Friday, April 04, 2008

How I justified the move to unit testing

Update. This memo was written while at a previous job. The IT director had previously claimed there was no value in unit testing and we shouldn't do it. I submitted this memo to all developers at one of the fortnightly update meetings. It did lead to unit tesing being adopted by other developers as part of the development process.

The following is from a memo I wrote:

Why we must use unit testing in the future.

How I saved myself almost three days work and met a deadline.

Plus saved countless days work in the future.


SLA calculation and bank holiday identification was so broken it's ridiculous!

I have a confession to make. I have been creating unit tests for some of the code I have been writing recently.
The purpose of writing these tests has been to make my task easier and to try and ensure that the code I have written does not contain any preventable errors.
I think it has worked:
  • Of the code I have written unit tests for, none has failed testing. (So far.)
  • I have saved time by not having to repeatedly perform manual checks.
  • I have removed a lot of the opportunity for human error in reviewing my manual testing.
  • I have created a resource which will save time in the future, if and when any code in this part of the system is changed and the tests reused.
To show how unit testing has helped me, I'll use CCP15852 (errors in SLA calculations) as an example.

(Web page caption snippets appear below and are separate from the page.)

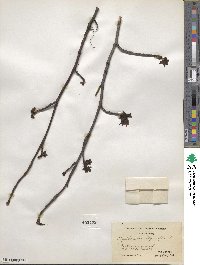 Liquidambar styraciflua image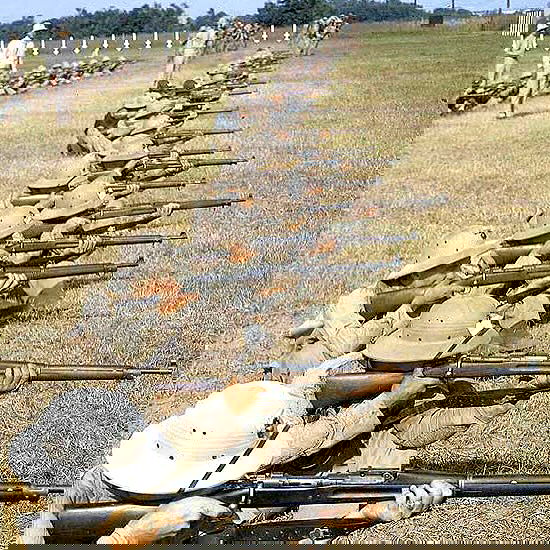 haylujan haylujan archive image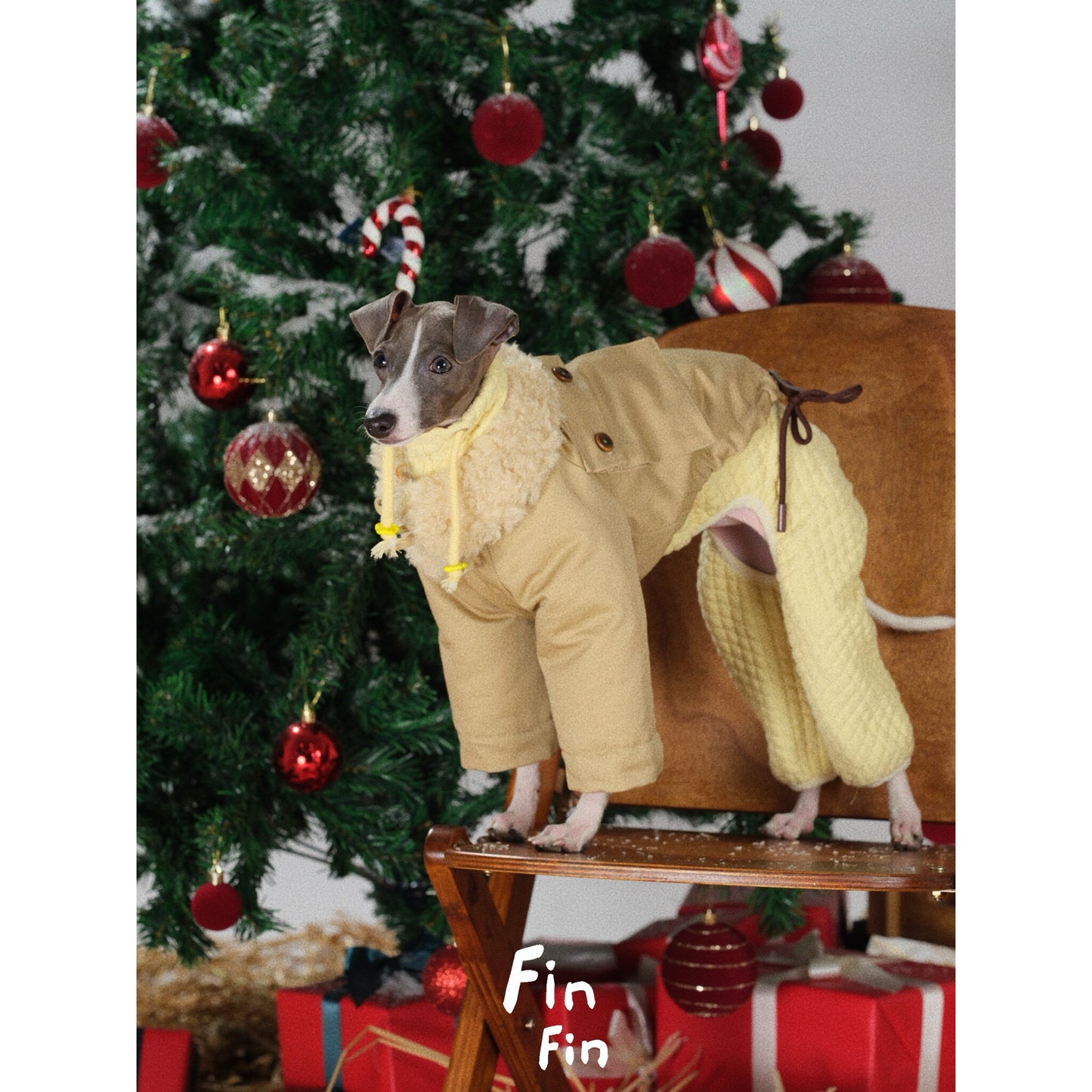 "Bread Crumb" Reversible Pet Windbreaker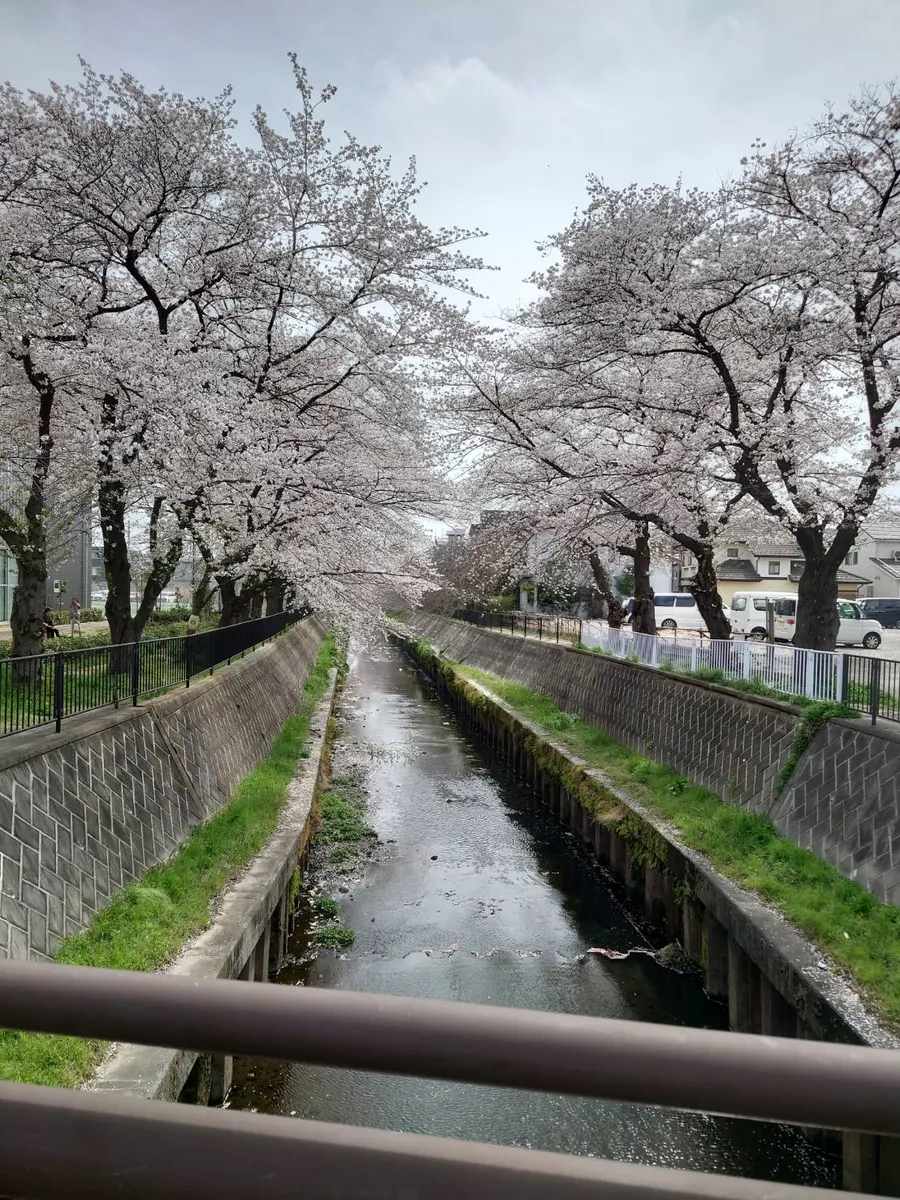 🌸新しい季節と、こころの揺れ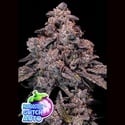 Mangosteen Glitch Auto (Anesia Seeds) Féminisée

The calculation of dates and times as part of an SLA is non trivial.
(In the last 9 months there have been 6 changes (by 3 other developers) to this code, to try and get it to work correctly. That's a pretty good indication that this isn't simple to get right. – Or test that changes made have fully corrected the problem.)

Please note that this is not a criticism of those who have previously written or tested code in this area. I am simply trying to highlight that this is a complicated area which is difficult to test and our current practices have proved inadequate.

There is a lot to consider in SLA calculation:
  • Non working days
  • 24 hour working days
  • Working days for specific hours
  • Not working on bank holidays
  • Working on bank holidays
  • Starting on a non working day
  • Starting on midnight on a 24 hour day (beginning and end)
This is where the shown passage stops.